_WORK REQUEST:_ Please output the section of the listing below that opens with the line containing "Load image into" and closes with the line containing "Khung cảnh tại", exactly and with nothing else.

_MATERIAL TO PROCESS:_
========================================================================

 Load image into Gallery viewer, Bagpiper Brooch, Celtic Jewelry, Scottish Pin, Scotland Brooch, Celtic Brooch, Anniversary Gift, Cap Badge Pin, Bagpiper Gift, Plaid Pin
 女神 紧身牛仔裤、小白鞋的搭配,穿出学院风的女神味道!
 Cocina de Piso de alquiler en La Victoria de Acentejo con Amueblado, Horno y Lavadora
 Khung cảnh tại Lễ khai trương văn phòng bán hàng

========================================================================

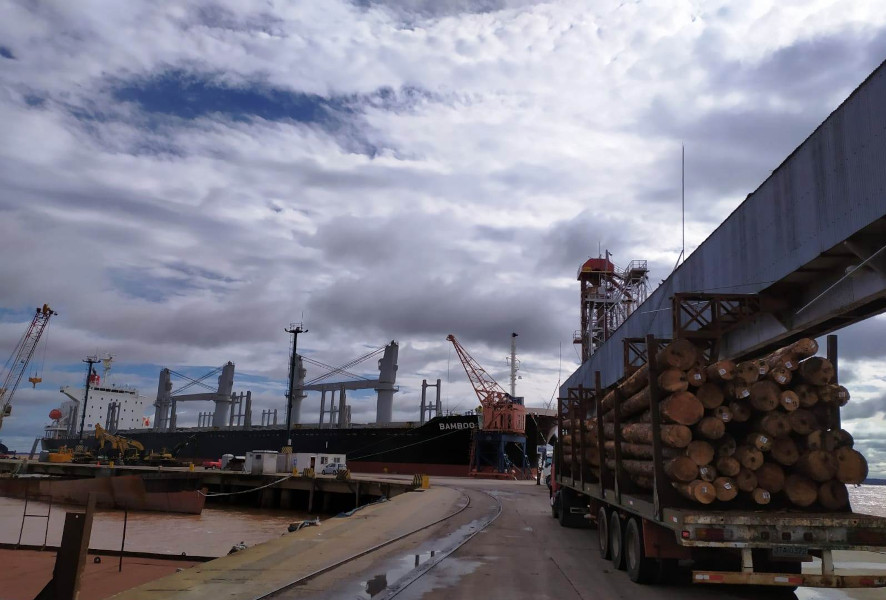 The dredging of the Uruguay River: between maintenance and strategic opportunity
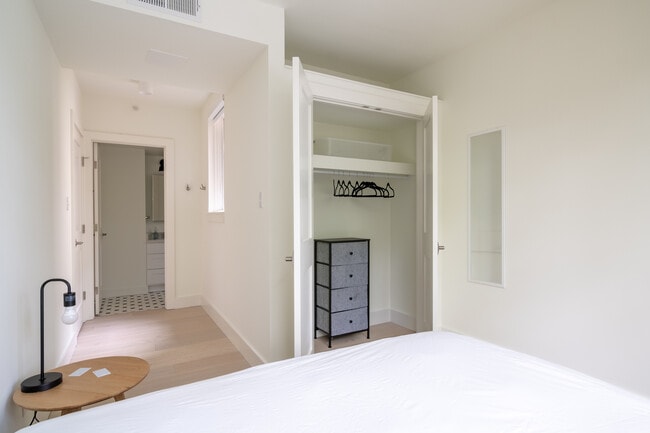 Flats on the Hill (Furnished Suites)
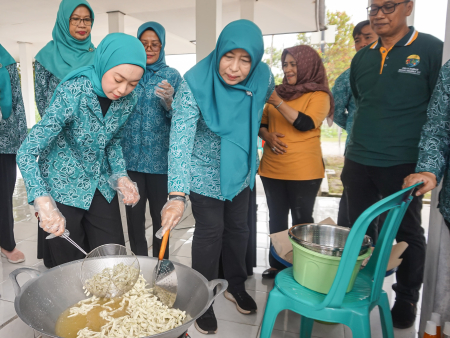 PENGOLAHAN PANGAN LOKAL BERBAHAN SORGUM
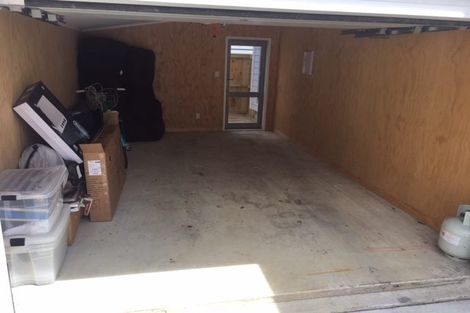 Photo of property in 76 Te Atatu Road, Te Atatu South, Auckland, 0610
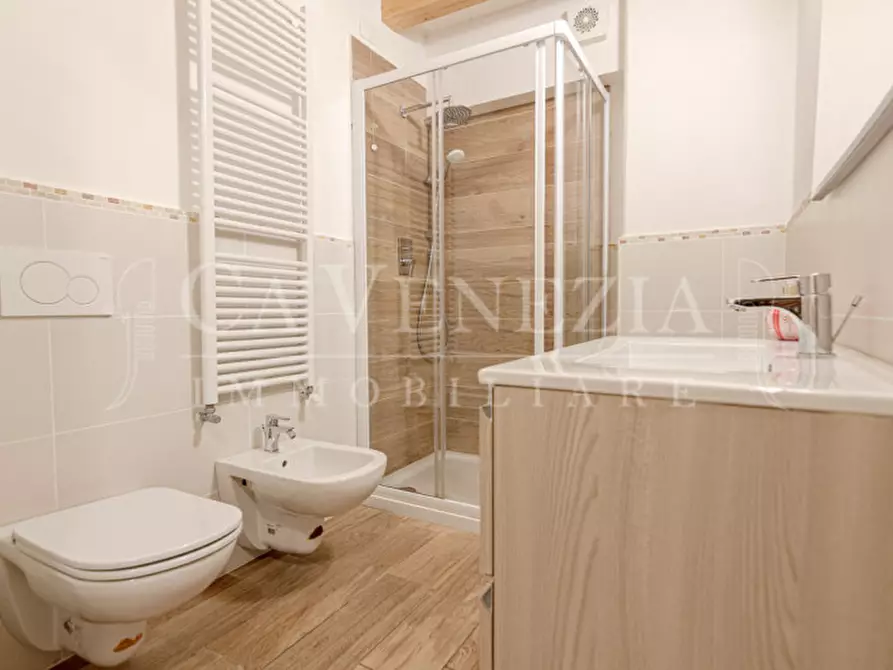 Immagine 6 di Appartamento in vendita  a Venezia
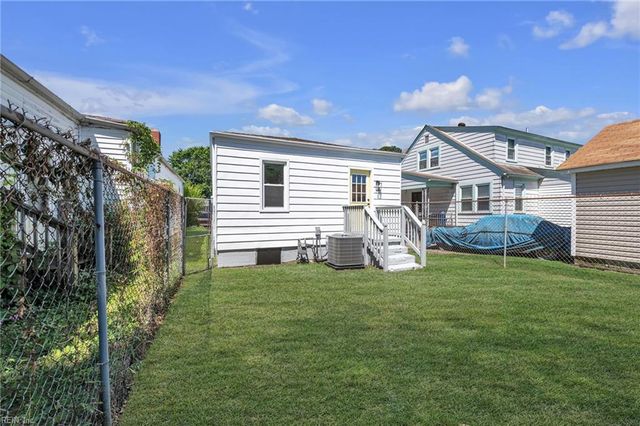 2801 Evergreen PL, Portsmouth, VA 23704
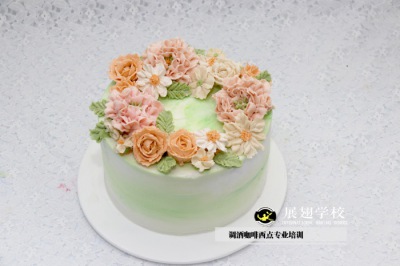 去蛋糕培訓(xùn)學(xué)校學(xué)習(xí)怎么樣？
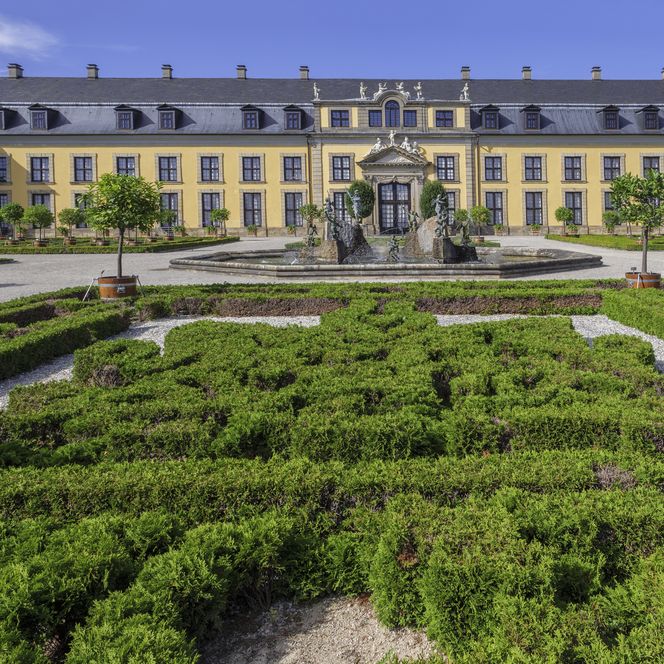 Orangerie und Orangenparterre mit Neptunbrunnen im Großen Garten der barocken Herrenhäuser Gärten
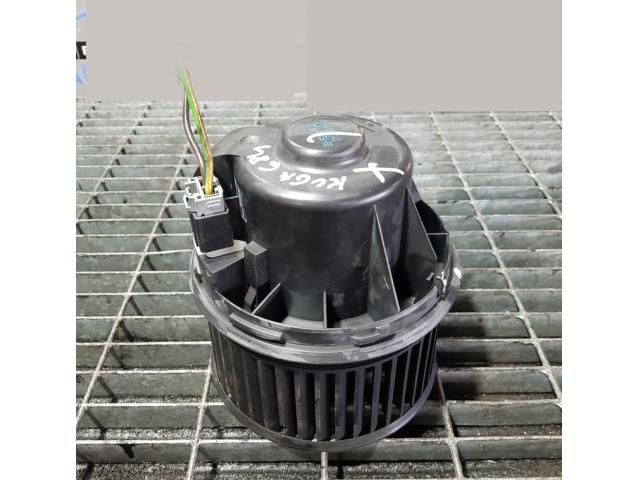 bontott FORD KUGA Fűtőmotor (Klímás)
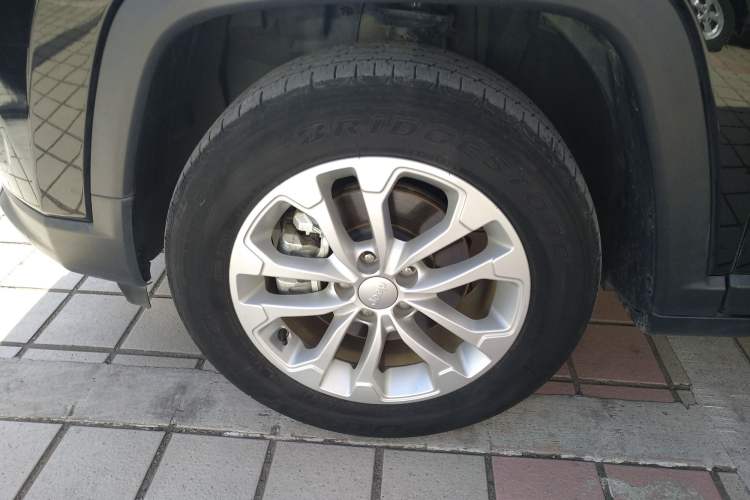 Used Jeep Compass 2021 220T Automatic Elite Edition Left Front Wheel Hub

========================================================================

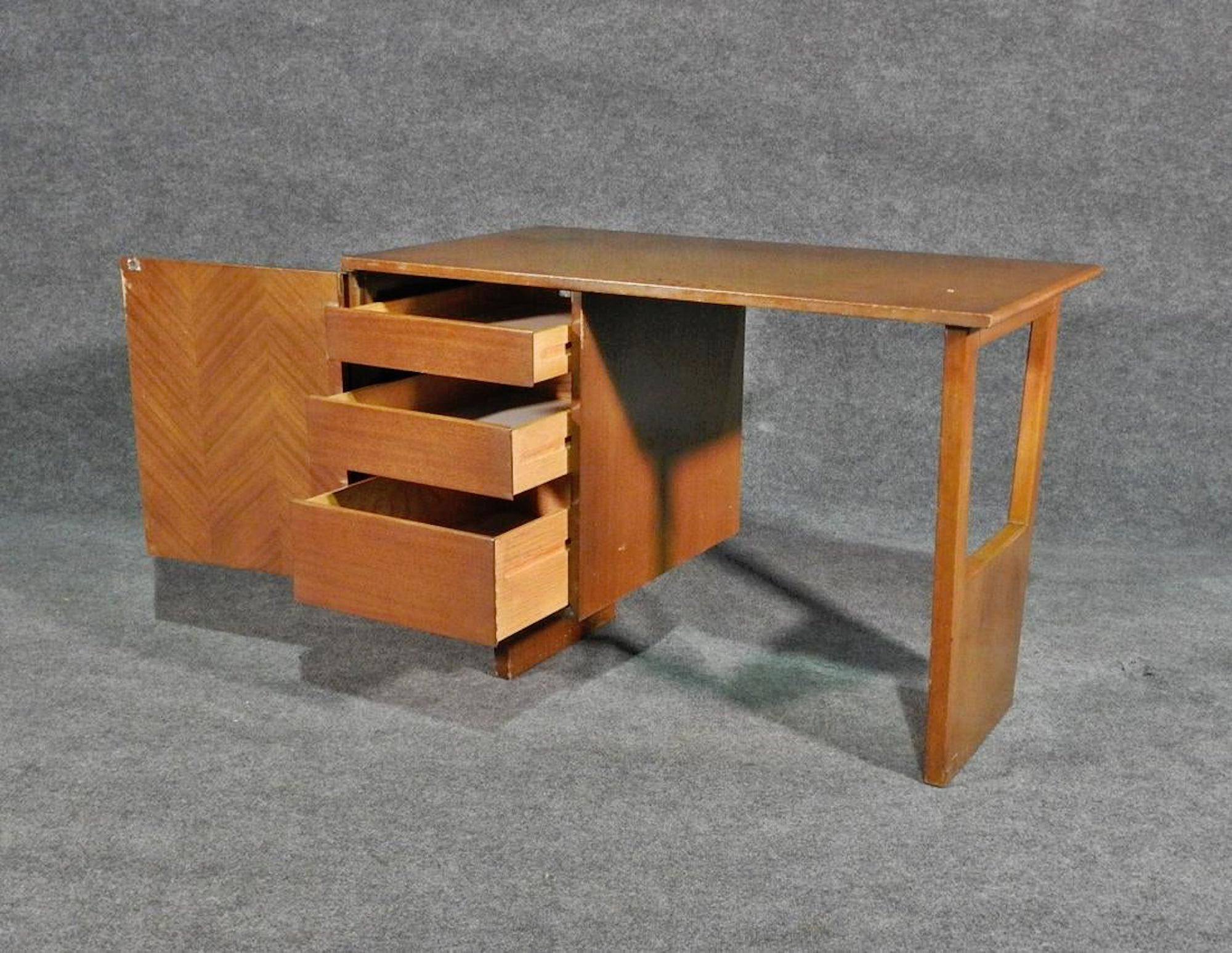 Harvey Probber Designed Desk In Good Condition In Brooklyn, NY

========================================================================

_YOUR SOLUTION:_
 Load image into Gallery viewer, Bagpiper Brooch, Celtic Jewelry, Scottish Pin, Scotland Brooch, Celtic Brooch, Anniversary Gift, Cap Badge Pin, Bagpiper Gift, Plaid Pin
 女神 紧身牛仔裤、小白鞋的搭配,穿出学院风的女神味道!
 Cocina de Piso de alquiler en La Victoria de Acentejo con Amueblado, Horno y Lavadora
 Khung cảnh tại Lễ khai trương văn phòng bán hàng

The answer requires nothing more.